When TIMSS 2003 established regularly administered assessments at the fourth and eighth grades every four years to monitor trends, the U.S. National Science Foundation (NSF) awarded Boston College a grant to support framework and assessment development. The idea was to develop extended problem solving and inquiry tasks, but using only paper-and-pencil instruments. Progress was made on developing content assessment goals tailored specifically to fourth or eighth grade, but the mathematicians, scientists, and measurement community struggled to make the paper-and-pencil tasks accessible to the students as well as engaging. The performance assessment was different and “fun,” for example, in a task about the effects of exercise on the body, students got to jump up and down to get their heart rates up. As a disadvantage, students in the TIMSS 2003 participating countries faced an unfamiliar idea—a test that gave you a long time to work through a series of items on a topic (e.g., an ocean food chain or why different colors of light can change the color of your shirt). In general, the early paper-and-pencil PSI tasks of 2003 were not very motivating, so these longer tasks were eventually phased out of upcoming assessments.

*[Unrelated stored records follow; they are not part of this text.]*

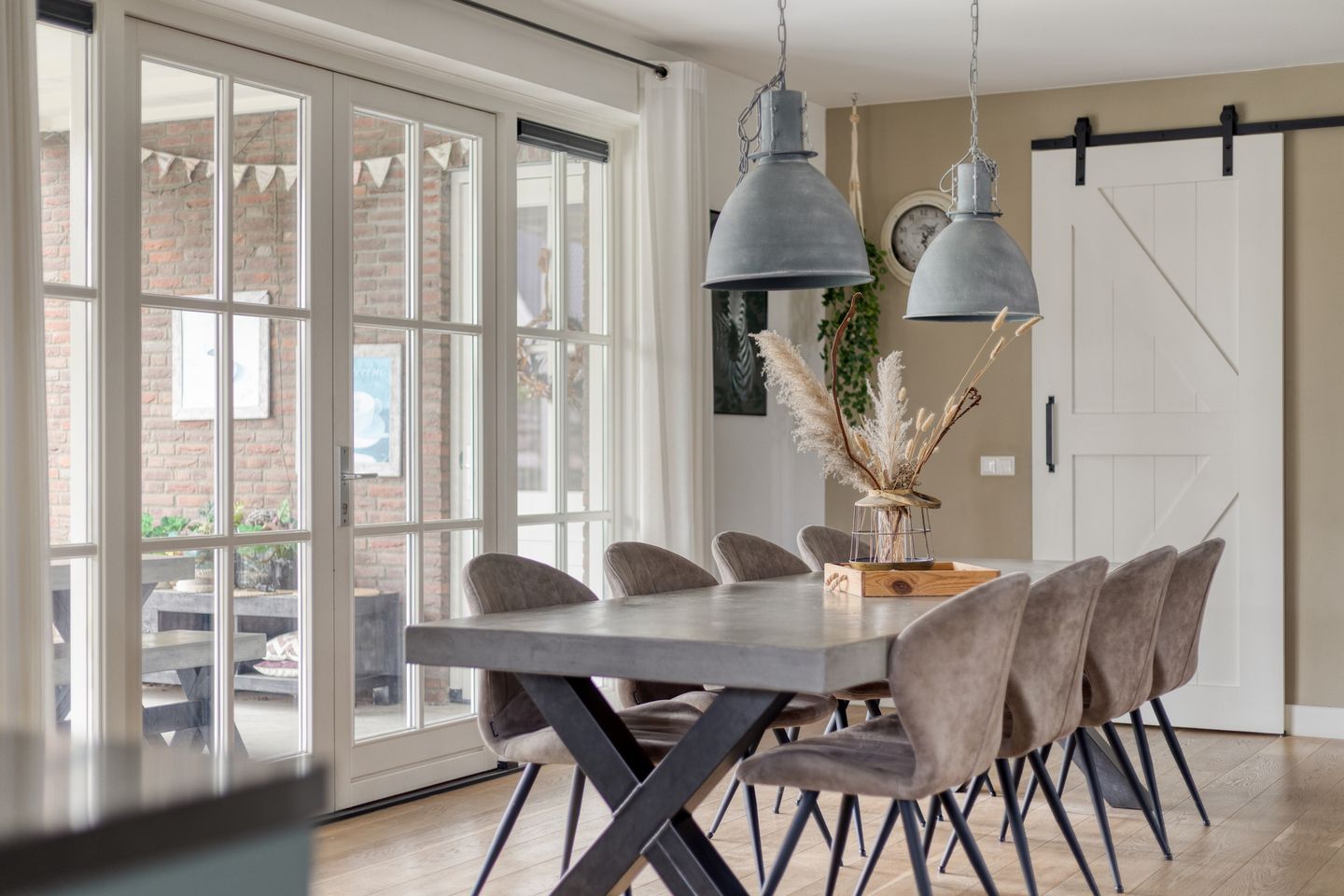 Photo 25 of Mackenhof 14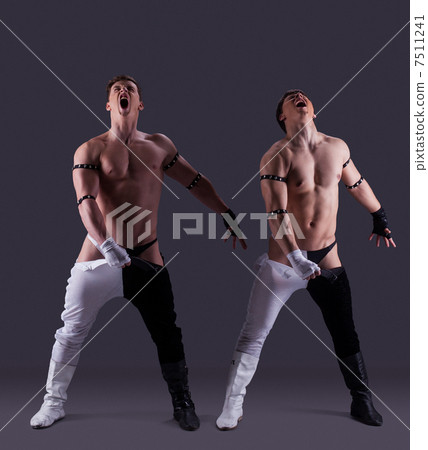 Handsome strippers taking off pants 7511241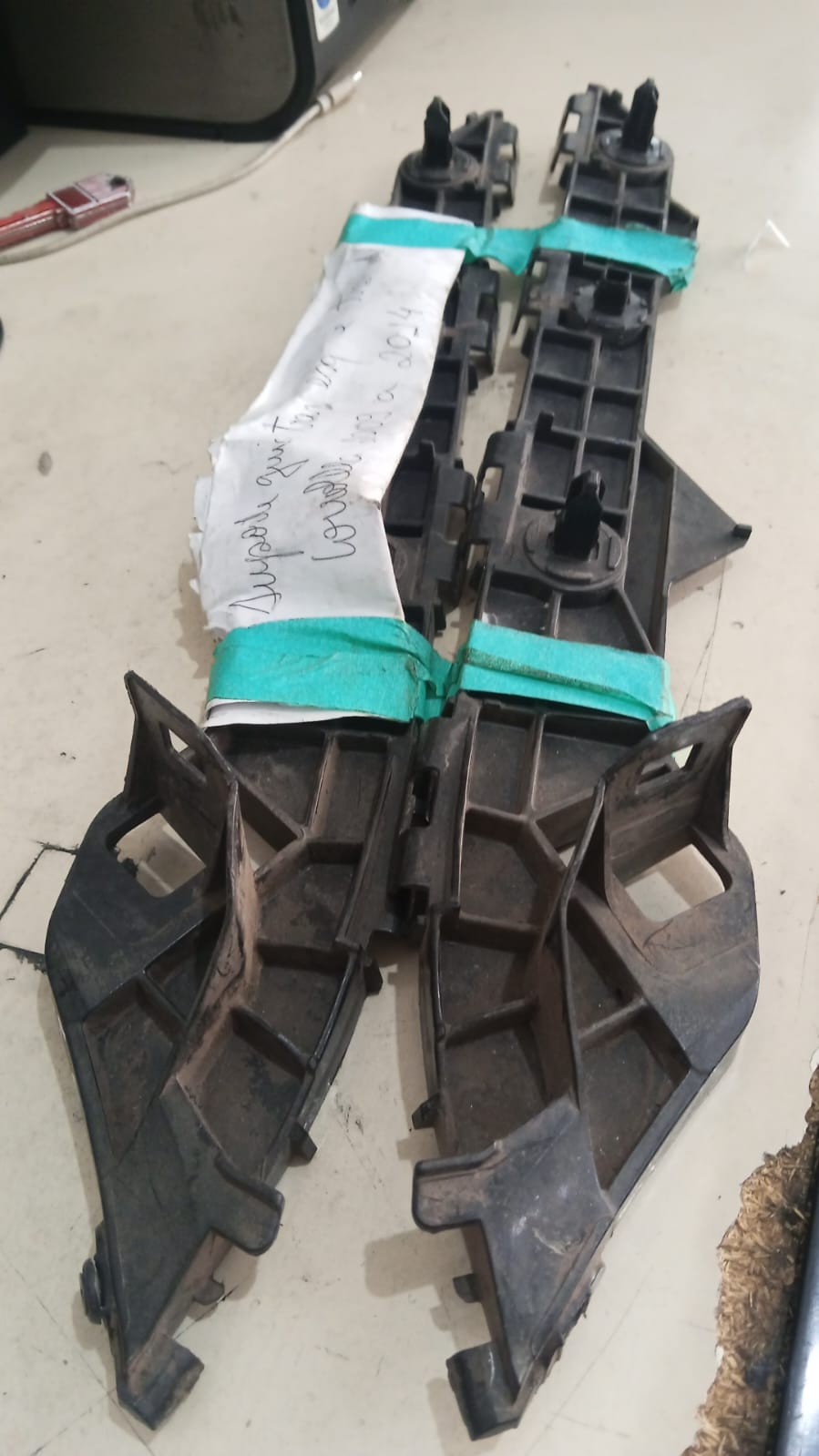 Par Guia do Para-choque Traseiro Toyota Corolla 2009-2014
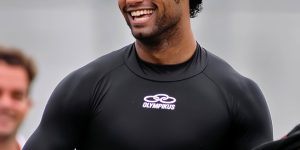 Goleiro Bruno se apresenta ao Tribunal de Justiça em data simbólica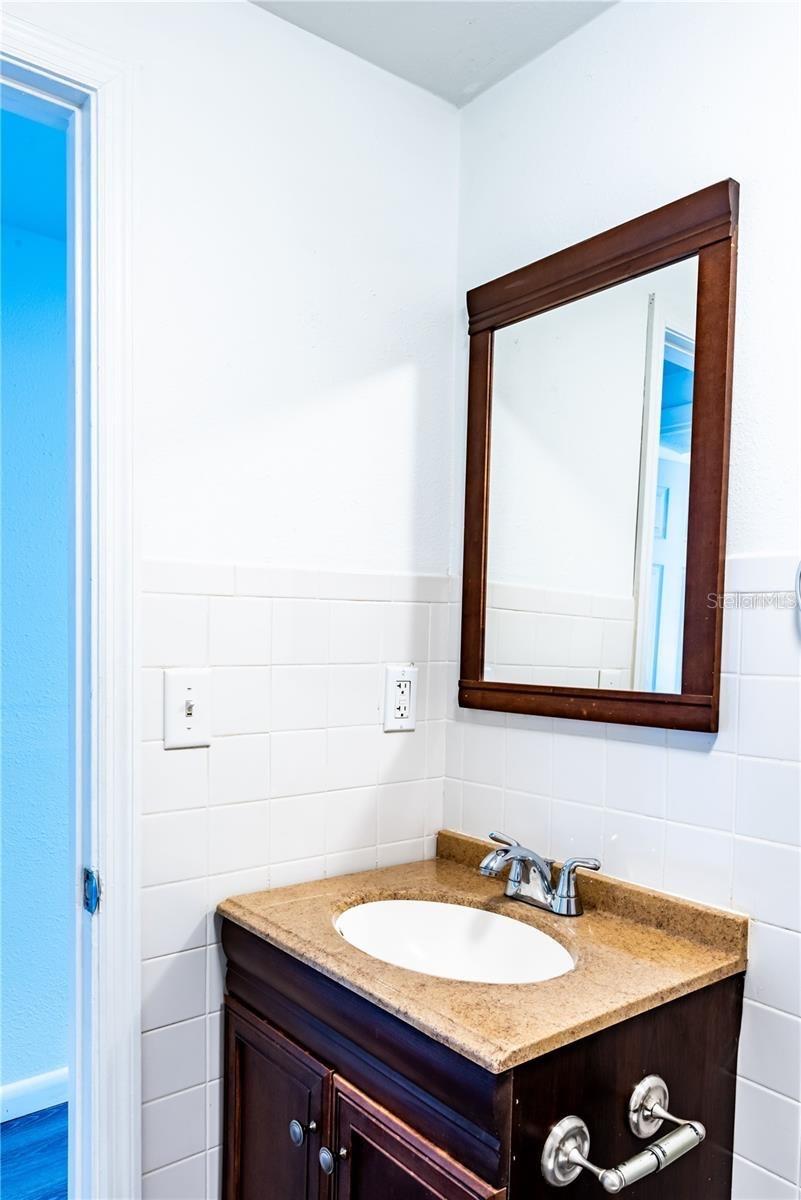 Image 20 of 49 For 3402 Van Buren Drive
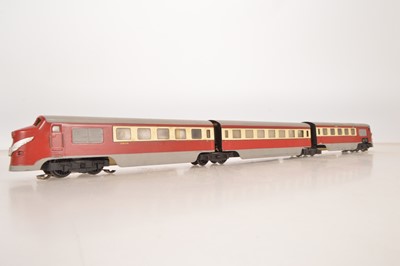 Lot 215 - Trix HO/00 Gauge Meteor red and cream 3-Car Set (3)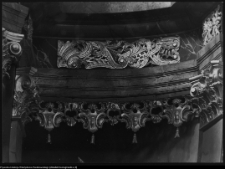 Szczuczyn, dekoracja ołtarza gł&oacute;wnego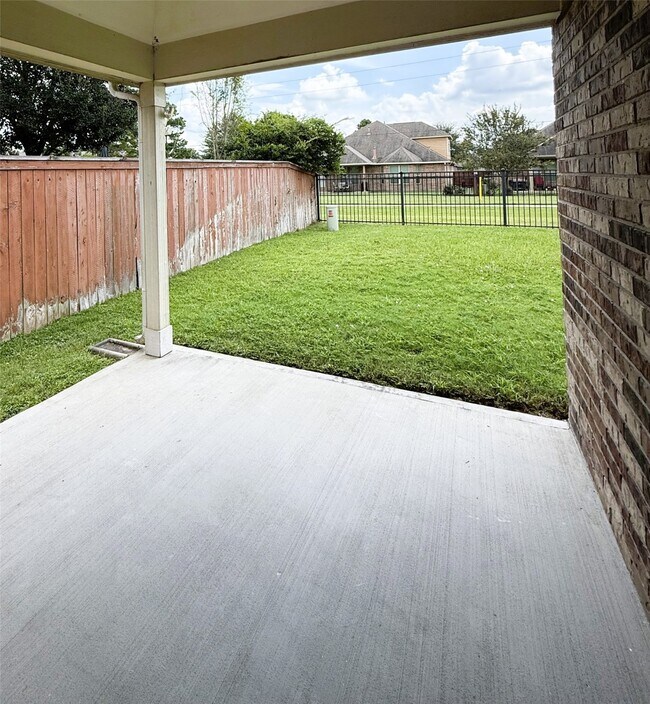 Building Photo - 22646 Triangle Ridge Dr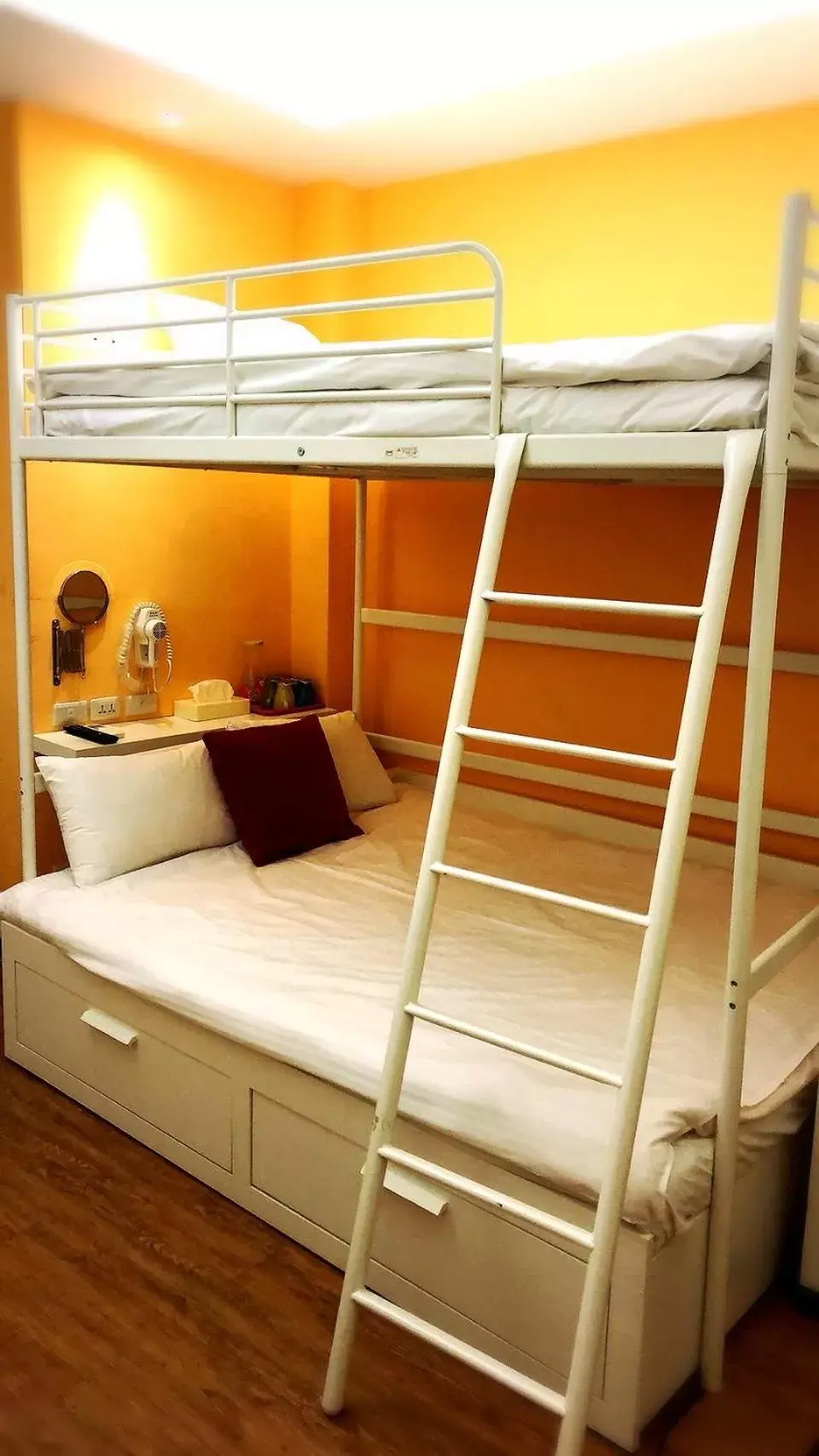Bunk Bed in Honey Prince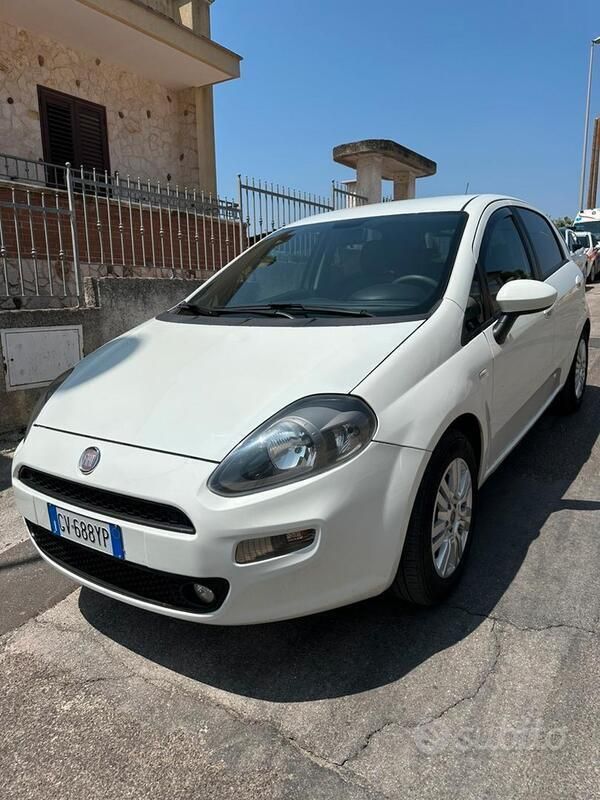 Usata Fiat Punto Evo 75 CV (55 kW) 2012 Utilitaria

Nevertheless, it was widely agreed that the problem solving and inquiry skills were fundamental to the TIMSS assessment frameworks. For TIMSS 2007, the U.S. National Center for Education Statistics (NCES) organized an initiative for countries to contribute funding for TIMSS to develop cognitive as well as content assessment goals. This resulted in three cognitive domains—knowing, applying, and reasoning—becoming a permanent dimension of the mathematics and science assessments at both fourth and eighth grades. Once again for TIMSS 2015, the TIMSS & PIRLS International Study Center at Boston College worked with the National Center for Education Statistics to obtain additional funding from NSF for innovative item development, especially since TIMSS 2015 also included assessing trends in TIMSS Advanced. However, this effort to secure funding was unsuccessful, so the reasoning skills associated with problem solving and inquiry remained in the assessment frameworks with little attention further paid to developing longer assessment tasks. The several problem-solving and inquiry assessment goals shown below have been excerpted from the TIMSS 2019 Assessment Frameworks.4

  • Mathematics Frameworks
  • Reasoning mathematically involves logical, systematic thinking. It includes intuitive and inductive reasoning based on patterns and regularities that can be used to arrive at solutions to problems set in…real life settings.
  • Determine efficient/appropriate operations, strategies, and tools for solving problems for which there are commonly used methods of solution.
  • Implement strategies and operations to solve problems involving familiar mathematical concepts and procedures.
  • Link different elements of knowledge, related representations, and procedures to solve problems.
  • Science Frameworks
  • Scientists engage in scientific inquiry by following key science practices that enable them to investigate the natural world and answer questions about it. Students of science must become proficient at these practices…
  • Use a diagram or other model to demonstrate knowledge of science concepts, to illustrate a process, cycle, relationship, or system, or to find solutions to science problems.
  • Provide or identify an explanation for an observation or a natural phenomenon using a science concept or principle.
  • Plan investigations or procedures appropriate for answering scientific questions or testing hypotheses; and describe or recognize the characteristics of well-designed investigations in terms of variables to be measured and controlled and cause-and-effect relationships.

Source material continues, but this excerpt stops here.